# Future Beach 144 Angler



## Infidel Castro

My son-in-law just picked up a Future Beach 144 Angler out in Seattle. I searched the web but really couldn't find much information. Anyone here have any experience with Future Beach kayaks?

Castro


----------



## FLSalomon

Some reviews here - generally very positive... price is right. http://www.paddling.net/Reviews/showKayaks.html?manf=228

Here is the home site - did not see an Angler 144 - maybe it is new...
http://www.futurebeach.com/5_kayaks/index.html


----------



## Framerguy

Did he buy a SOT or a SIK type kayak?? Their website shows a SOT kayak model Angler 160 DLX and a Trophy 144 DLX which is a sit-in kayak. They look like fairly sturdy kayaks although I would opt for the SOT models for down here or out where your SIL lives if you plan on doing any surf launches. 

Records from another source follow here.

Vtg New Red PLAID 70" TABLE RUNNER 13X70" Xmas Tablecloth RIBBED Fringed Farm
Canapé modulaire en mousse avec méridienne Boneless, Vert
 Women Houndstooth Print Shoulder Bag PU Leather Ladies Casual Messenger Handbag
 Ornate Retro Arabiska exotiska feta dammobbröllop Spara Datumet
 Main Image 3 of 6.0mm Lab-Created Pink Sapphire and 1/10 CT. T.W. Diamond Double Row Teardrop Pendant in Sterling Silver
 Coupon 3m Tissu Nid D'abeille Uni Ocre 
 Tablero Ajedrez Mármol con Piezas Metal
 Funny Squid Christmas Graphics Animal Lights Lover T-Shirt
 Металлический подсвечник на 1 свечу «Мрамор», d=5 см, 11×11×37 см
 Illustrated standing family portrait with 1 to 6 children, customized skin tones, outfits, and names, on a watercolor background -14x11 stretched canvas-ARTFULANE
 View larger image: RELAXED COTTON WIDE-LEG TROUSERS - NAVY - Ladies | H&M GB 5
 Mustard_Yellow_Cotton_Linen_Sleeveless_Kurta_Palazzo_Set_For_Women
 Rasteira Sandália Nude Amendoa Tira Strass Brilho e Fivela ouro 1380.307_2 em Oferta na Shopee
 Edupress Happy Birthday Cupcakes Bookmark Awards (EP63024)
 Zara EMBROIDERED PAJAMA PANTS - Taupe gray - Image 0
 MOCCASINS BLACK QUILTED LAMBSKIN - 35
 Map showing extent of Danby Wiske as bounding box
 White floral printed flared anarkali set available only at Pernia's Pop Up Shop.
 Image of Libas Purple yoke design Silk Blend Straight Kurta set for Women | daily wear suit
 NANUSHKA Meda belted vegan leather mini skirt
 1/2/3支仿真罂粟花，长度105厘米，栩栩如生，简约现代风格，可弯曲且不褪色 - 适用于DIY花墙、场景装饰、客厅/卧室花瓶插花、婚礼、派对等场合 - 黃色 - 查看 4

There was an issue with the foam seal around the rear hatch on the Trophy 144 that showed up more than a few times on the critiques from owners.


----------



## keperry1182

I owned one, heavy and a little slow but you could do jumpin jacks on the damn thing its so stable. I liked it for the bayou a little to slow for long gulf trips. Tough as shoe leather and a little ugly but its a fishin machine. I would reccomend if thats your price range best in its class i would call it.


----------



## Infidel Castro

Thanks for the input. It is a SOT ans my son-in-law is stationed on Whidbey Island in Washington State. Glad to hear the yak is sturdy and stable.

Castro


----------